The Razorbacks did not have tone-setter last year.

They missed a guy like a Corey Beck, or a Bobby Portis or a Sidney Moncrief who would lead and hold his teammates to a high standard of performance day in and day out whether it was a practice or a game.

It may be the case that players with hearts like that are born rather than developed, but I do remember a player named Nick Davis, who had basically been a role player in his two previous years with the Razorbacks, that became a tone-setter and a leader for Arkansas as a senior in 1998.

Going back further, in 1993 seniors Darrell Hawkins and Robert Shepherd set the tone for a squad whose underclassmen core — Scotty Thurman, Corliss Williamson, Beck, Clint McDaniel, and Dwight Stewart — would go on to win the 1994 national title and be runner-up in 1995.

Likewise, in 1989 senior guard Keith Wilson set the tone for a talented group including Lee Mayberry, Todd Day, and Oliver Miller who would go on to win four consecutive regular-season conference championships, three in the Southwest Conference and one in the SEC.

So, maybe a tone-setter or two will develop among the returning Razorbacks this season.

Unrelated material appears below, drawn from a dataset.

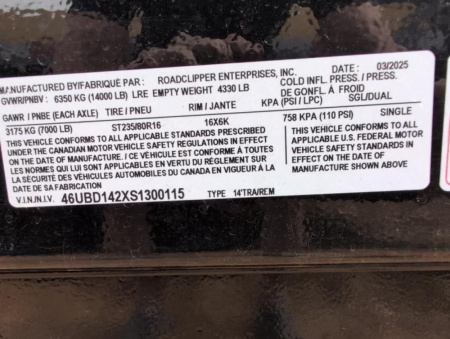 New 2025 Baseline HDU207 Dump Trailer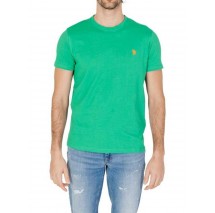 U.S POLO ASSN 49351 T-SHIRT ΜΠΛΟΥΖΑ ΑΝΔΡΙΚH GREEN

I do believe experience and confidence are aspects of mental toughness that have to be forged in game competition, something the Razorbacks did lack going into last season with so many freshmen and newcomers filling the roster.

Inexperience won’t be a crutch for the Razorbacks next year if Anderson can retain the bulk of his players. Unfortunately player retention is always an “if” in today’s game where an ever growing percentage of college basketball players seek greener pastures by transferring.

However, maybe this year, the Razorbacks could benefit from a graduate transfer entering Anderson’s program? We’ll have to wait and see.

Whatever the case may be, it’s on Anderson, his staff, and the Razorbacks to find a way to be better next season.

An 18-16 season that ends with a close loss in the second round of the NIT is no one’s definition of success at Arkansas.

It’s up to the Razorbacks to turn the page on the disappointment of this season and move forward to greater success. Only they have the opportunity to make it happen.